For each entry below, please return its exact wording and leave out any picture.

Dataset excerpts
⟨

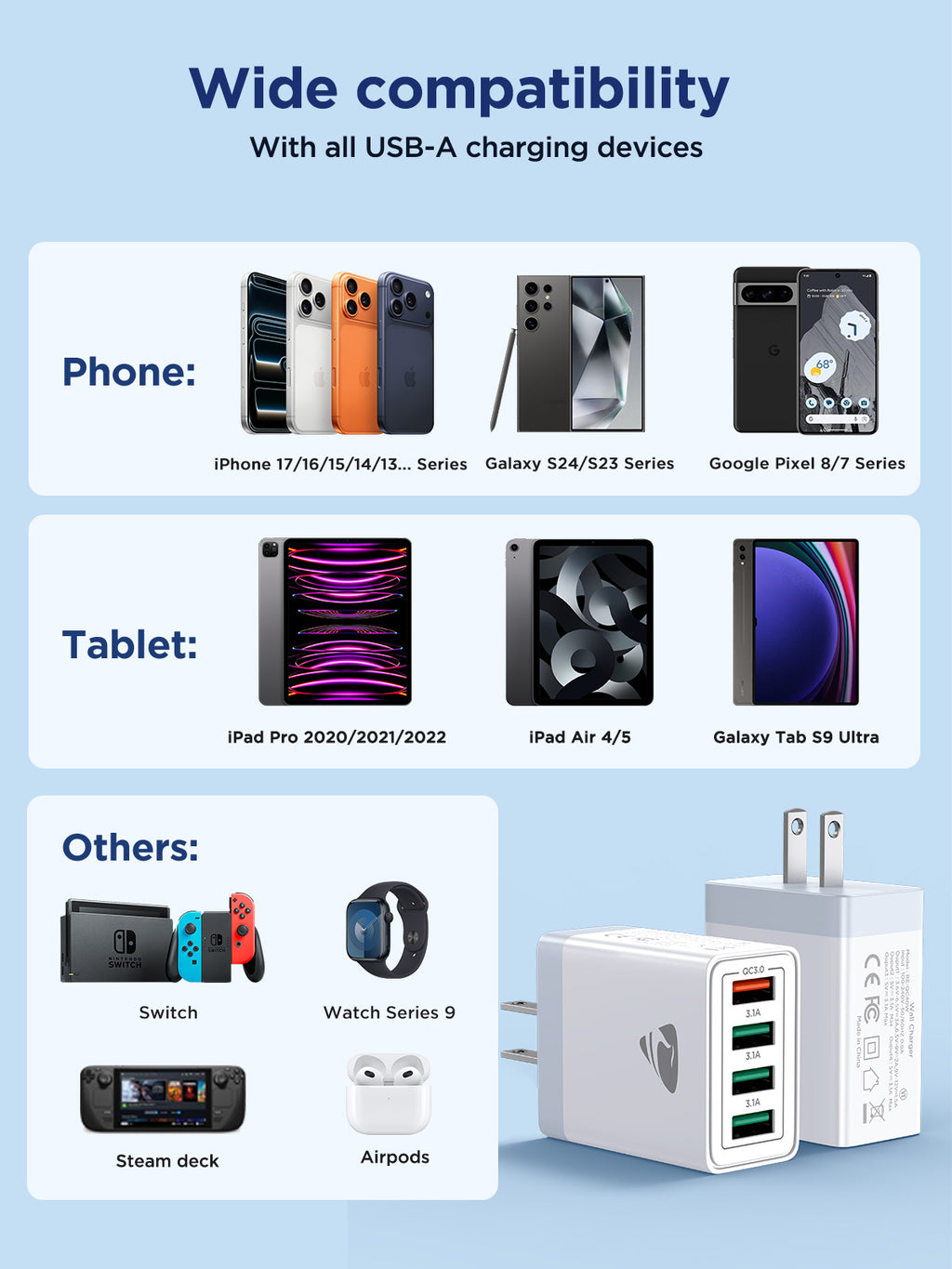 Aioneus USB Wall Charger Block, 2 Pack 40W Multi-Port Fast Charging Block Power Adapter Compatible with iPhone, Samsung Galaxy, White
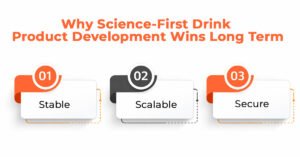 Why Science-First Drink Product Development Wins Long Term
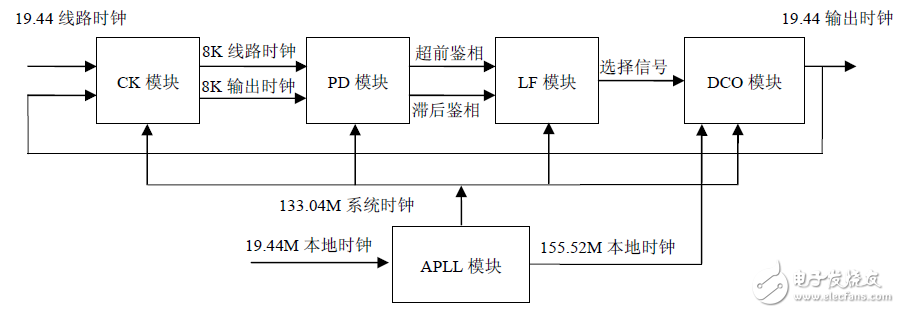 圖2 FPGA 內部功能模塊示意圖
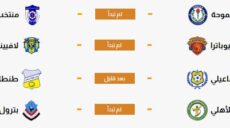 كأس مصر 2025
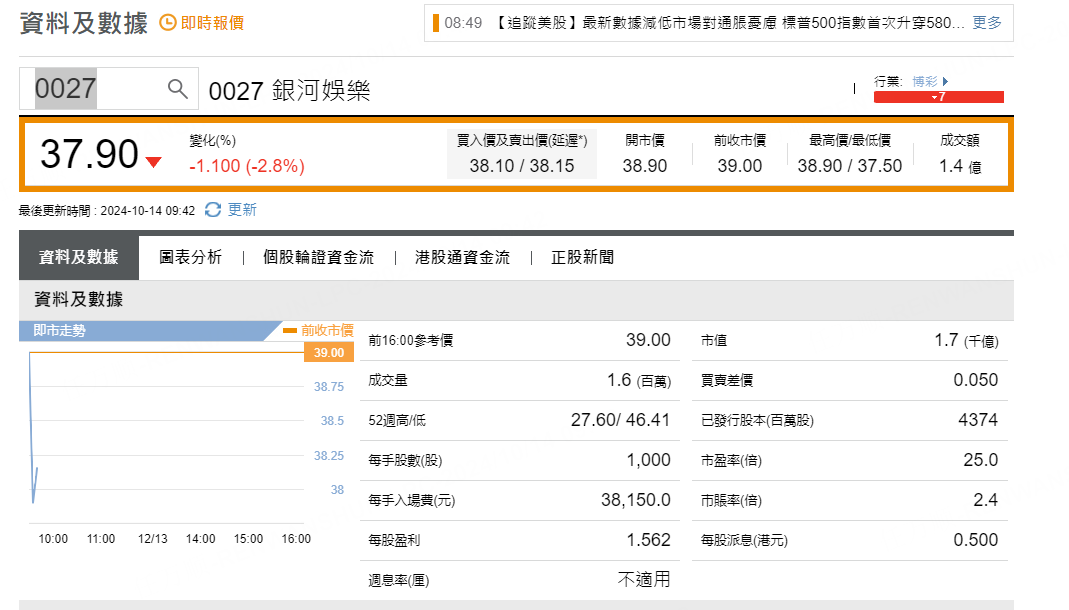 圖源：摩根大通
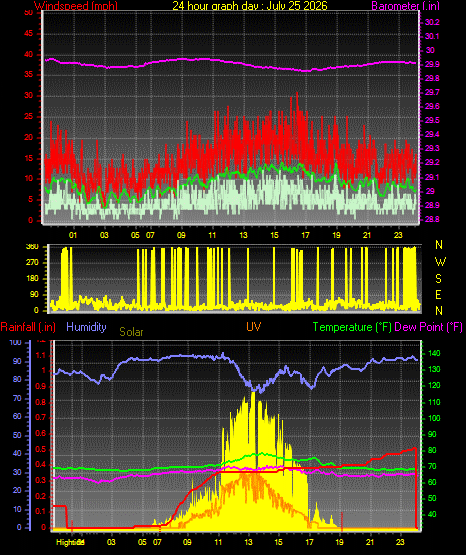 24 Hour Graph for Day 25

⟩

# Answer to this task:
 Aioneus USB Wall Charger Block, 2 Pack 40W Multi-Port Fast Charging Block Power Adapter Compatible with iPhone, Samsung Galaxy, White
 Why Science-First Drink Product Development Wins Long Term
 圖2 FPGA 內部功能模塊示意圖
 كأس مصر 2025
 圖源：摩根大通
 24 Hour Graph for Day 25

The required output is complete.